Is a Critical Infrastructure Network the Answer to Cyber Attacks?

After a 2015 attack on a state power company and following reports that hackers are actively targeting the U.S. power grid, policy experts and researchers are actively examining the feasibility of shifting critical infrastructure off the Internet to a separate, secured network.

The efforts, in early stages, were spurred by a recommendation made in August 2017 by the National Infrastructure Advisory Council to explore the creation of separate networks for critical infrastructure to move essential operations off the Internet. The report called for “dark fiber networks for critical control of system traffic and reserved spectrum for backup communications during emergencies.” In addition, the council recommended a private-sector-led pilot of machine-to-machine information sharing so potential cyber threats could be shared and identified more readily.

The U.S. Department of Homeland Security’s warning was hard to miss: “There is a narrow and fleeting window of opportunity before a watershed, 9/11-level cyber attack to organize effectively and take bold action,” the report stated.

Deal-Breaking Complexities

Since the NIAC’s edict, there have been a variety of efforts to explore the possibility, and the idea was the focal point of discussion at a panel at the recent RSA conference. Rob Knake, a senior research scientist in cyber security and resilience at the Global Resilience Institute at Northeastern University and chair of the panel, is heading up a multi-year project to examine the policy, management, and cost concerns associated with creating a Critical Infrastructure Network (CIN) that would move control system operations off the public Internet.

The idea, Knake says, has been kicking around for a while, but there are potentially deal-breaking complexities, not to mention the question of cost.

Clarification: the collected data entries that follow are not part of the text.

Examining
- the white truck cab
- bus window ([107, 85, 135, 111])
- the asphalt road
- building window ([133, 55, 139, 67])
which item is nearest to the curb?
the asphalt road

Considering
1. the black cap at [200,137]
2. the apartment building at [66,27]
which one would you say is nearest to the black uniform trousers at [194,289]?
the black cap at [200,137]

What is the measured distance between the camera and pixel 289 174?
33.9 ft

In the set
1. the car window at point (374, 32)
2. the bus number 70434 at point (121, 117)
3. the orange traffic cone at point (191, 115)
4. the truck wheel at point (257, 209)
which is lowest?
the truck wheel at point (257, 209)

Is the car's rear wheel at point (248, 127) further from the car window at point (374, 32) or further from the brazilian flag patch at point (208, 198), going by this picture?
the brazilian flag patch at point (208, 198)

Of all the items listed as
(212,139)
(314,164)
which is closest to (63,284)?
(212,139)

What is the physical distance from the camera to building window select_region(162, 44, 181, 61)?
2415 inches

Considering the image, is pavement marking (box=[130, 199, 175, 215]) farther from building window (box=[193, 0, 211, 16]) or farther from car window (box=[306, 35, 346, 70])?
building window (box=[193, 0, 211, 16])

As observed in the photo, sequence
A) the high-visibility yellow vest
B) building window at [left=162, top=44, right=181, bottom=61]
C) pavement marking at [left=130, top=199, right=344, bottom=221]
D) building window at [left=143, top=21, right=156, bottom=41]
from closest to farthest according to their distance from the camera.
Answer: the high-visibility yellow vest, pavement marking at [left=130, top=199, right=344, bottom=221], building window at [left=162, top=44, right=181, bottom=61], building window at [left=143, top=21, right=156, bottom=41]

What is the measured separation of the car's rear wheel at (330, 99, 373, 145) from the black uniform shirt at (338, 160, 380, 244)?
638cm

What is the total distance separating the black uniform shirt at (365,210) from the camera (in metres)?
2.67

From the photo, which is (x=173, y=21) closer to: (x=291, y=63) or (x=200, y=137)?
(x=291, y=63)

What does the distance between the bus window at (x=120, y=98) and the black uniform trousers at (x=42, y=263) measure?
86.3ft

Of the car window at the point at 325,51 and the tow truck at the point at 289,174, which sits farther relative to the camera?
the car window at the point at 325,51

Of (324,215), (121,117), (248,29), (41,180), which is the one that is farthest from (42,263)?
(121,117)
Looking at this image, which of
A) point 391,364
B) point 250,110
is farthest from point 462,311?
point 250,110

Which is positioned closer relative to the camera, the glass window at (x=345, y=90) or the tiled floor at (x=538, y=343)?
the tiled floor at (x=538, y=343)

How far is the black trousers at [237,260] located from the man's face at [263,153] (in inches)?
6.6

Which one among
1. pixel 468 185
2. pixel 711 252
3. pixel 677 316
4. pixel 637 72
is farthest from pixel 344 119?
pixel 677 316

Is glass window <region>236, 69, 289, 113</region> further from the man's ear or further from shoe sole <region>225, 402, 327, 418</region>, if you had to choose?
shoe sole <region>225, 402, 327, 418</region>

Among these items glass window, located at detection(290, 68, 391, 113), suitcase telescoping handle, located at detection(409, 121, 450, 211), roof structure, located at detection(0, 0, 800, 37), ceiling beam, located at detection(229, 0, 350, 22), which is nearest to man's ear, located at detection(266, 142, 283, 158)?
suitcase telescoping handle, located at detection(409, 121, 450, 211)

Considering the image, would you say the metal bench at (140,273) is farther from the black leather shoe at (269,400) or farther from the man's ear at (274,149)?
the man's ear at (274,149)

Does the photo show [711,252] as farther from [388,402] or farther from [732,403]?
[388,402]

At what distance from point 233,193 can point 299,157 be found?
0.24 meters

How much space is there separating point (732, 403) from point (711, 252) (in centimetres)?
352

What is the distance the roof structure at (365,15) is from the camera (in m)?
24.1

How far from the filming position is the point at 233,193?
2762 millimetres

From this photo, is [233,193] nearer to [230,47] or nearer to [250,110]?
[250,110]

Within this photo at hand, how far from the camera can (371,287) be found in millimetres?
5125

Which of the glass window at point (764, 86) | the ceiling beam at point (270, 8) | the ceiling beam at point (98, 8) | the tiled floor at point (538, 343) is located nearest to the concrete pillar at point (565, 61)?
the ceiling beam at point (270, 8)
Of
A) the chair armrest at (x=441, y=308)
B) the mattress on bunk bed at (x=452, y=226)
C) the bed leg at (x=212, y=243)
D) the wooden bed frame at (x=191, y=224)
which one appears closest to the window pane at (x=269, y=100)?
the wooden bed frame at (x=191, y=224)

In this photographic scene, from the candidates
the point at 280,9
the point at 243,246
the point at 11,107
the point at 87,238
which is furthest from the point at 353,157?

“The Internet was set up for the purpose of connecting academic research among a closed set of universities sponsored by DARPA, but it’s grown into something that is used for everything, including critical infrastructure, and it wasn’t designed for that,” says Knake. “Those that work in the Department of Defense or the intelligence world operate on a network that is physically and logically separated from the public Internet—a classified network with technical and legal protections. The thinking is that it may make sense to apply the model to the private sector.”

At face value, the model may seem to transfer, but there are real practicalities that stand in the way, Knake says. Government networks are managed and controlled with legal backing and governance over who has access and there are penalties for misuse.

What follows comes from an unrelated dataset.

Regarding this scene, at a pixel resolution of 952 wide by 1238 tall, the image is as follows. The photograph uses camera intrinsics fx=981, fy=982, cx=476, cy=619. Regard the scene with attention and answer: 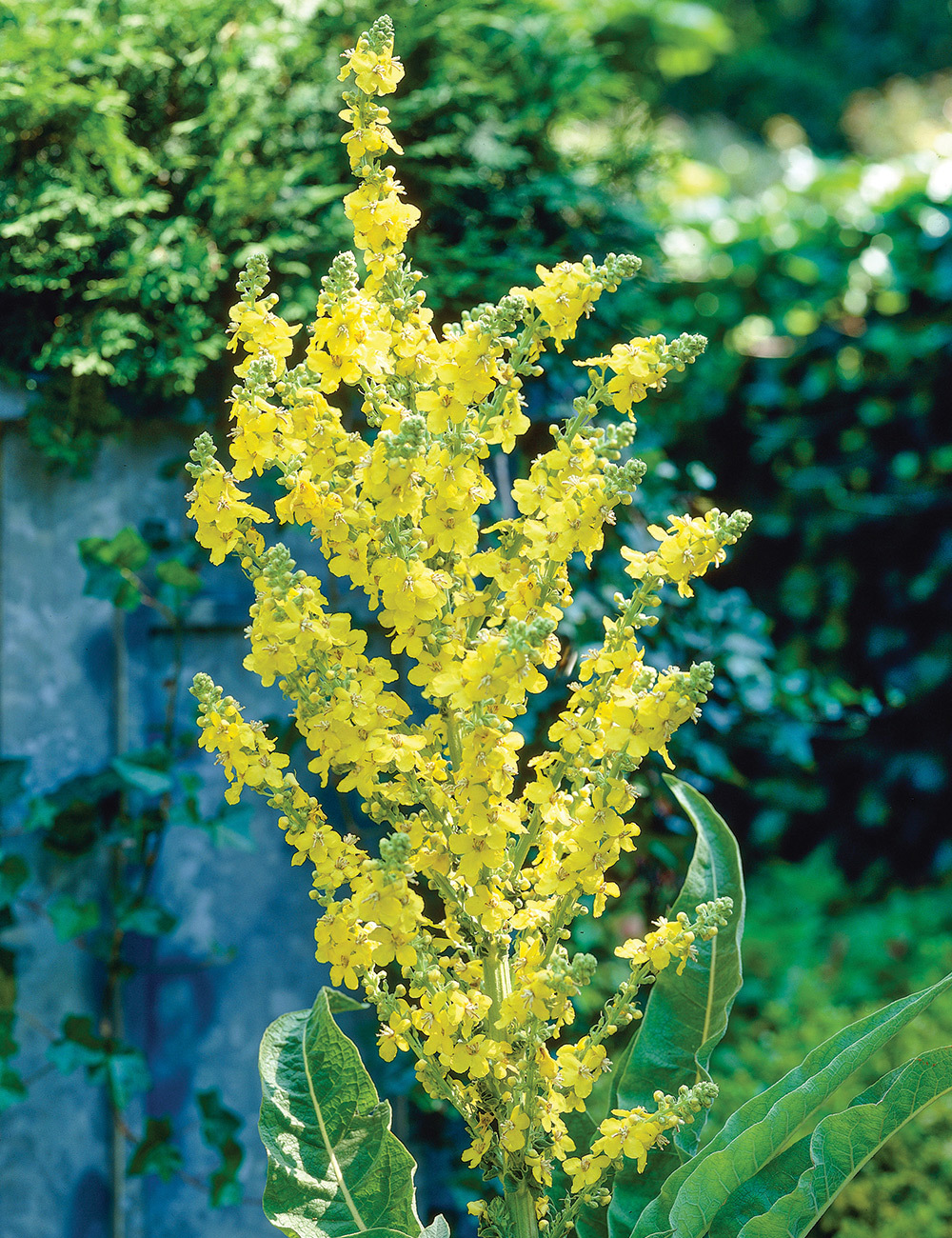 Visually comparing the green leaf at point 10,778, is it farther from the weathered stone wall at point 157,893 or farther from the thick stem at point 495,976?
the thick stem at point 495,976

That model doesn’t easily transfer when you begin to involve the private sector, he explains. In addition, there are the financial considerations. “To stand this up and move over to it, you have the basic question of who’s going to pay for it because it’s not likely to come cheap,” Knake says. “Also, asking competitors to collaborate on the development and use of [a CIN] is a major barrier.”

Finally, one of the biggest inhibitors is that the notion of what constitutes a network has changed. Offloading critical infrastructure to a separate network is akin to a perimeter-based security model, which doesn’t fit with the modern utility infrastructure, which is moving towards microgrids. There will also be challenges related to managing the thousands of people and third-party management that will need access to the network, which introduces the possibility of insider security risks.

“If you believe the hype at RSA, the perimeter is now dead and advanced security is all about the end points,” Knake says. “This is not an internal company network where there is a moat and castle model.”

Despite the obvious hurdles to a CIN, Knake’s group and others are moving forward with exploring the possibilities. Oakridge National Laboratory (ORNL), which is billed as the largest U.S. Department of Energy science and energy lab, has an early-stage R&D project underway to improve the nation’s critical energy infrastructure. The DarkNet project, backed by $10 million in funding, is looking at how to create a secure energy delivery control system network that uses the existing “dark fiber” of the Internet, which is the unused optical fiber. It also has a quantum physics initiative underway to develop a quantum-rooted grid security framework, which will reveal any attempt to read information in real-time, detectable changes.

“We’re looking at a proof of concept to see what it means in terms of the cost benefits,” said Peter Fuhr, distinguished scientist, director, grid security, Tech Director UAS Research Center, at ORNL, at the recent RSA panel. “The current way of doing cyber security is just not sustainable from a fiscal perspective.”

The current means of securing critical infrastructure may be under stress, but a CIN won’t fully address the primary ways critical infrastructure and industrial networks can be penetrated, notes Andrew Bochman, senior grid strategist, National & Homeland Security for the Idaho National Laboratory. Industrial networks could be infiltrated through existing business and IT systems, remote diagnostics of operational equipment, or by humans brought in for maintenance.

“Creating a CIN doesn’t erase two of the pathways—sneakerware and remote diagnostics,” he says. “Nevertheless, it’s definitely worthy of exploration.”